Exercise brief »
Each line of the records is to be returned verbatim, with the images omitted.
START Information supplied
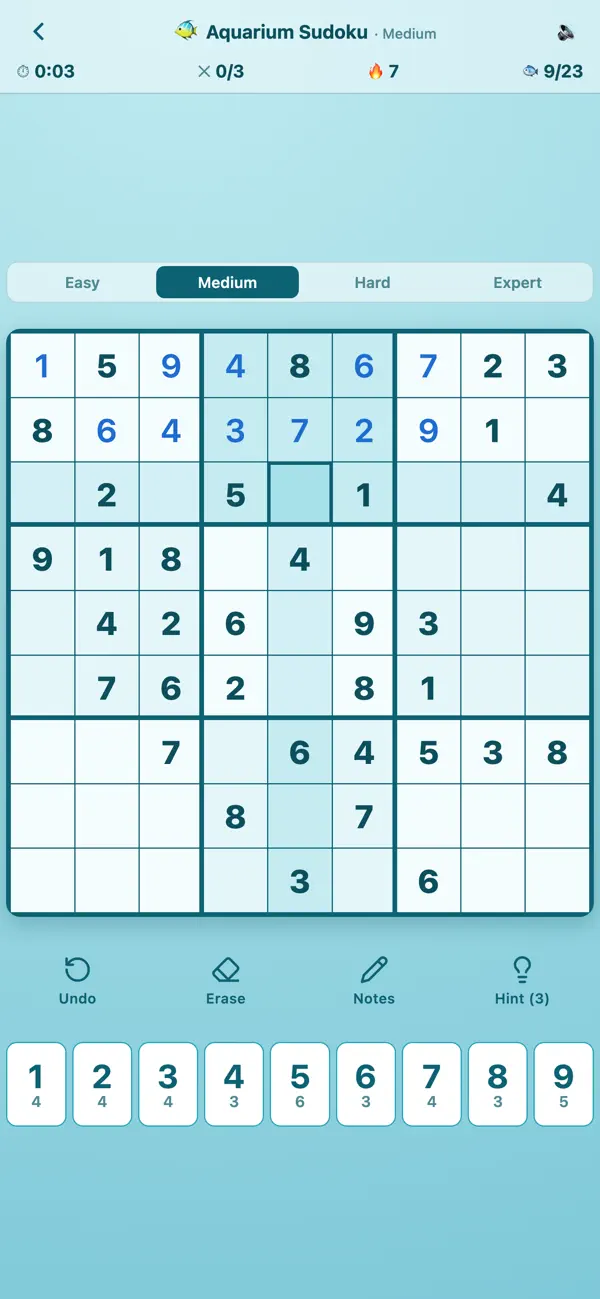 Aquarium Sudoku: Brain Puzzle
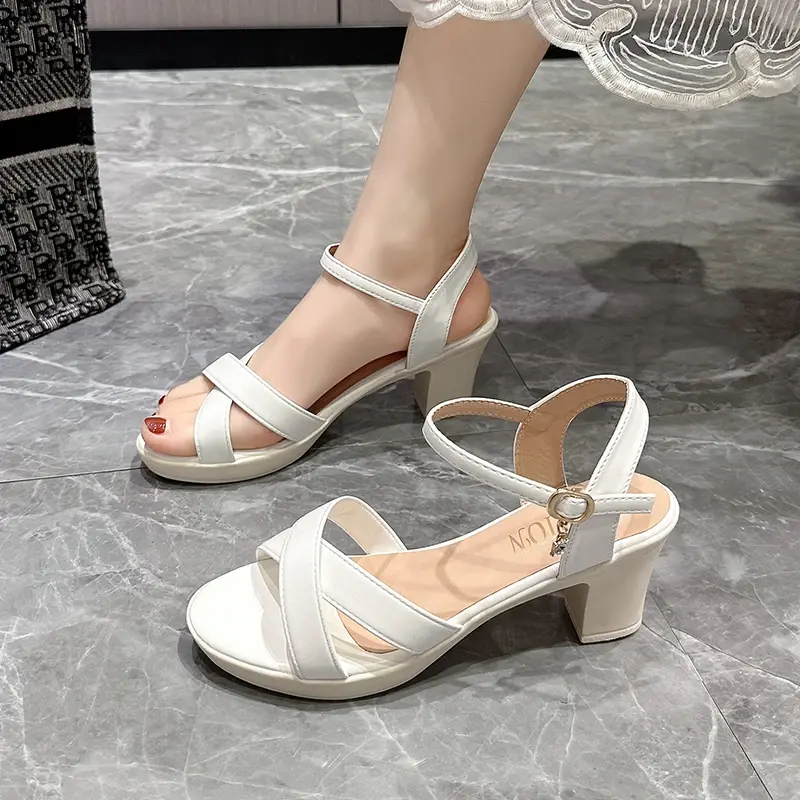 2024 letnie nowe buty damskie w stylu Retro w stylu ludowym wiatr odkryte palce i pięta rzymskie sandały z jedną linią klamry gruby obcas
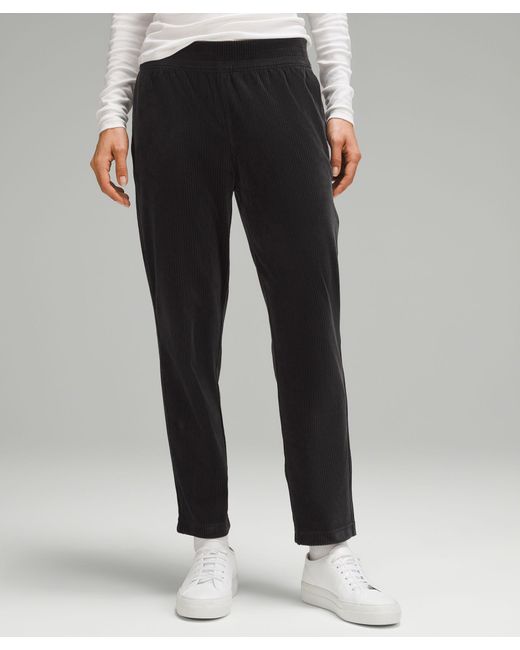 lululemon athletica Black Scuba Mid-rise Straight-leg Pants 7/8 Length Velvet Cord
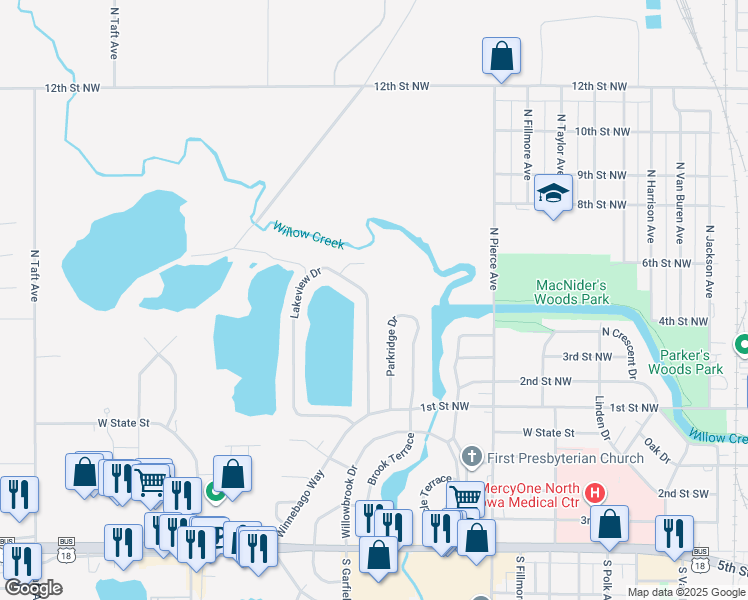 map of restaurants, bars, coffee shops, grocery stores, and more near 125 Lakeview Drive in Mason City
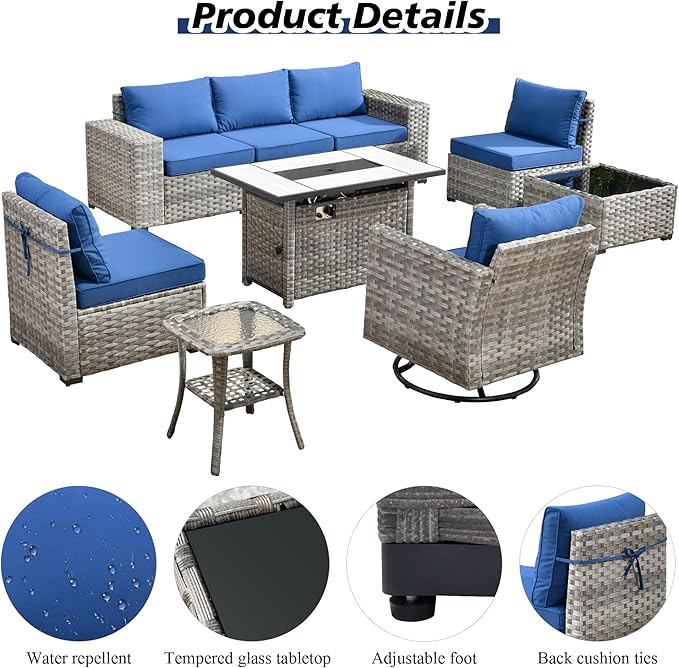 HOOOWOOO Outdoor Patio Sectional Furniture Sofa Set with Large Fire Pit Table,9 Piece Modern Wicker Couch with Swivel Chair,Modular Conversation Seating Set with Widened Armrest(Navy Blue)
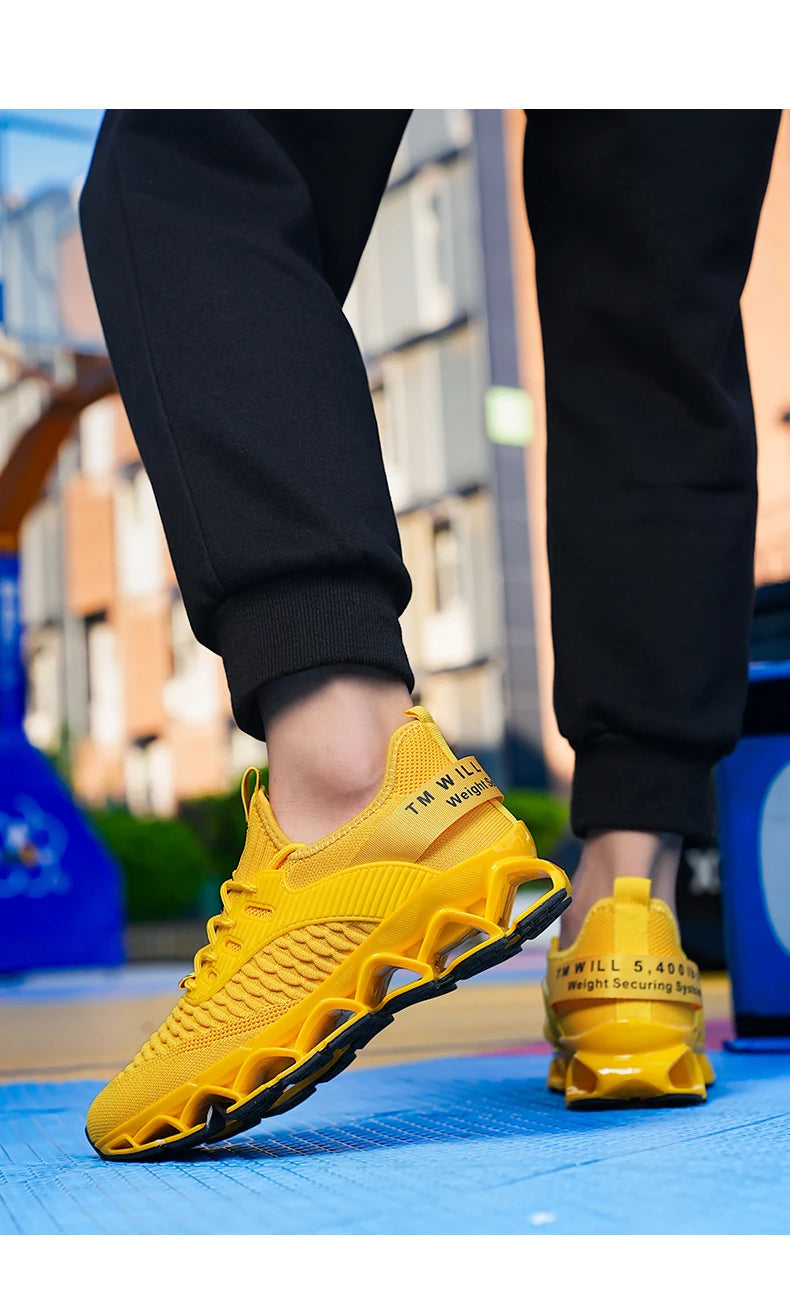 Men's Breathable Mesh Running Shoes Blade Sole Sneakers Lightweight Non-Slip Sports Shoes for Gym Walking Casual Wear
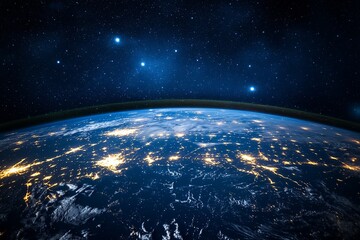 Obraz premium A breathtaking view of Earth from space showcases city lights glowing beneath a stunning sunrise over the horizon.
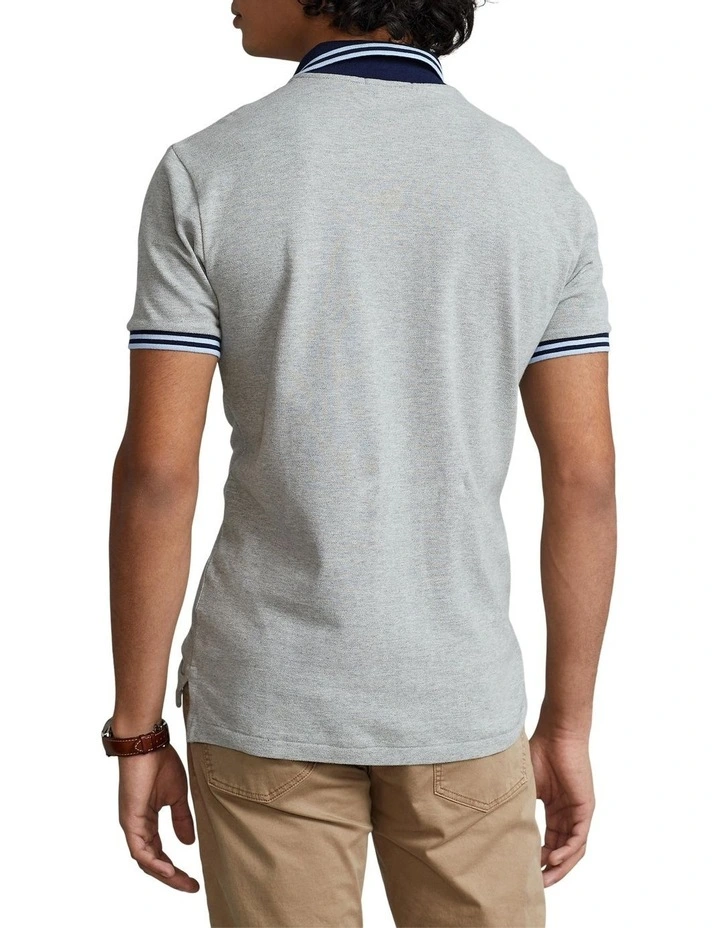 Custom Slim Polo Bear Mesh Polo Shirt in Grey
END Information supplied
Reply »
 Aquarium Sudoku: Brain Puzzle
 2024 letnie nowe buty damskie w stylu Retro w stylu ludowym wiatr odkryte palce i pięta rzymskie sandały z jedną linią klamry gruby obcas
 lululemon athletica Black Scuba Mid-rise Straight-leg Pants 7/8 Length Velvet Cord
 map of restaurants, bars, coffee shops, grocery stores, and more near 125 Lakeview Drive in Mason City
 HOOOWOOO Outdoor Patio Sectional Furniture Sofa Set with Large Fire Pit Table,9 Piece Modern Wicker Couch with Swivel Chair,Modular Conversation Seating Set with Widened Armrest(Navy Blue)
 Men's Breathable Mesh Running Shoes Blade Sole Sneakers Lightweight Non-Slip Sports Shoes for Gym Walking Casual Wear
 Obraz premium A breathtaking view of Earth from space showcases city lights glowing beneath a stunning sunrise over the horizon.
 Custom Slim Polo Bear Mesh Polo Shirt in Grey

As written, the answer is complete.